The IMDB dataset (http://ai.stanford.edu/~amaas/data/sentiment/) is a popular dataset for text and language-related machine learning tutorials. It is also conveniently included in the Keras library, and there are a few build-in functions in Keras for data loading and pre-processing. It contains 50,000 movie reviews (25,000 in training and 25,000 in testing) from IMDB, as well as each movie review’s binary sentiment: positive or negative. The raw data contains the text of each movie review, and it has to be pre-processed before being fitted with any machine learning models. By using Keras’s built-in functions, we can easily get the processed dataset (i.e., a numerical data frame) for machine learning algorithms.
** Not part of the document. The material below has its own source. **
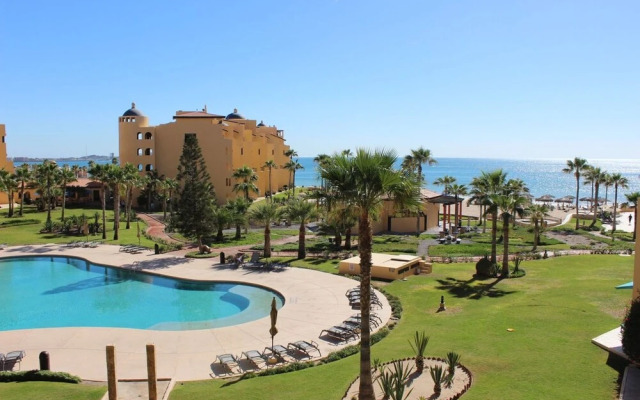 Princessa 2BR B 307-v by Casago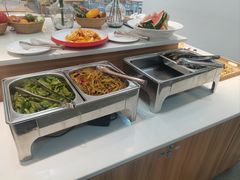 -禾匙素食自助(莱蒙都会店)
Keras’ build-in functions perform the following tasks to convert the raw review text into a data frame:

  1. Convert text data into numerical data. Machine learning models cannot work with raw text data directly, and we have to convert text into numbers. There are many different ways for the conversion and Keras’ build-in function uses each word’s rank of frequency in the entire training dataset to replace the raw text in both the training and testing dataset. For example, the 10th most frequent word is replaced by integer 10. There are a few additional setups for this process, including:
    1. Skip top frequent words. We usually skip a few top frequent words as they are mainly stopwords like “the” “and” or “a,” which usually do not provide much information. There is a parameter in the build-in function to specify how many top words to skip.
    2. Set the maximum number of unique words. The entire vocabulary of the unique words in the training dataset may be large, and many of them have very low frequencies such as just appearing once in the entire training dataset. To keep the size of the vocabulary, we can also set up the maximum number of the unique words using Keras’ built-in function such that any words with least frequencies will be replaced with a special index such as “2”.
  2. Padding or truncation to keep all the reviews to be the same length. For most machine learning models, the algorithms expect to see the same number of features (i.e., same number of input columns in the data frame). There is a parameter in the Keras build-in function to set the maximum number of words in each review (i.e., max_length). For reviews that have less than max_legth words, we pad them with “0”. For reviews that have more than max_length words, we truncate them.

After the above pre-processing, each review is represented by one row in the data frame. There is one column for the binary positive/negative sentiment, and max_length columns input features converted from the raw review text. In the corresponding R and Python notebooks, we will go over the details of the data pre-processing using Keras’ built-in functions.